Axiomatic Aspects of Default Inference

TL;DR

This paper explores axioms for nonmonotonic reasoning based on default structures, establishing representation theorems that connect axiomatic systems with extension-based semantics, and demonstrating the sufficiency of shallow extensions.

Contribution

It provides a formal characterization of nonmonotonic consequence relations via axioms and shows their equivalence to default-structure-based reasoning, with a focus on shallow extensions.

Findings

Axioms for nonmonotonic consequence relations are characterized and linked to default structures.

Representation theorems establish a one-to-one correspondence between axiomatic systems and default-structure semantics.

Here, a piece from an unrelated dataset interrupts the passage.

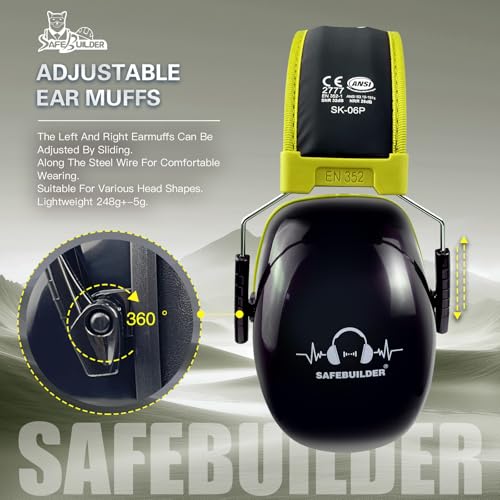 SAFEBUILDER Ear Protection Ear muffs Noise Reduction NRR 28dB Adjustable Hearing Protection for Working Mowing SK-06P - color: Black Cb Green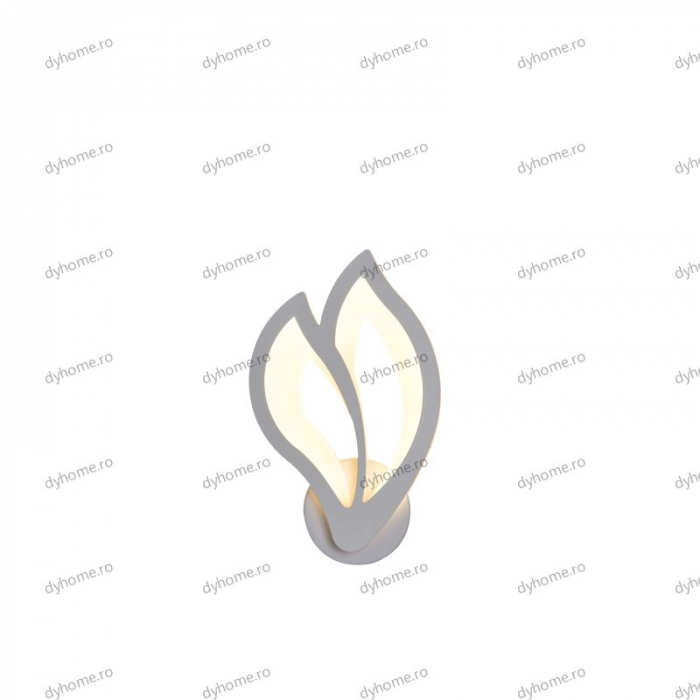 Aplica de perete flama design alb, 3 tipuri de lumina, 24 W [4]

Shallow extensions, requiring at most three iterations, are sufficient for constructing extensions.

Abstract

This paper studies axioms for nonmonotonic consequences from a semantics-based point of view, focusing on a class of mathematical structures for reasoning about partial information without a predefined syntax/logic. This structure is called a default structure. We study axioms for the nonmonotonic consequence relation derived from extensions as in Reiter's default logic, using skeptical reasoning, but extensions are now used for the construction of possible worlds in a default information structure. In previous work we showed that skeptical reasoning arising from default-extensions obeys a well-behaved set of axioms including the axiom of cautious cut. We show here that, remarkably, the converse is also true: any consequence relation obeying this set of axioms can be represented as one constructed from skeptical reasoning. We provide representation theorems to relate axioms for nonmonotonic consequence relation and properties about extensions, and provide one-to-one correspondence between nonmonotonic systems which satisfies the law of cautious monotony and default structures with unique extensions. Our results give a theoretical justification for a set of basic rules governing the update of nonmonotonic knowledge bases, demonstrating the derivation of them from the more concrete and primitive construction of extensions. It is also striking to note that proofs of the representation theorems show that only shallow extensions are necessary, in the sense that the number of iterations needed to achieve an extension is at most three. All of these developments are made possible by taking a more liberal view of consistency: consistency is a user defined predicate, satisfying some basic properties.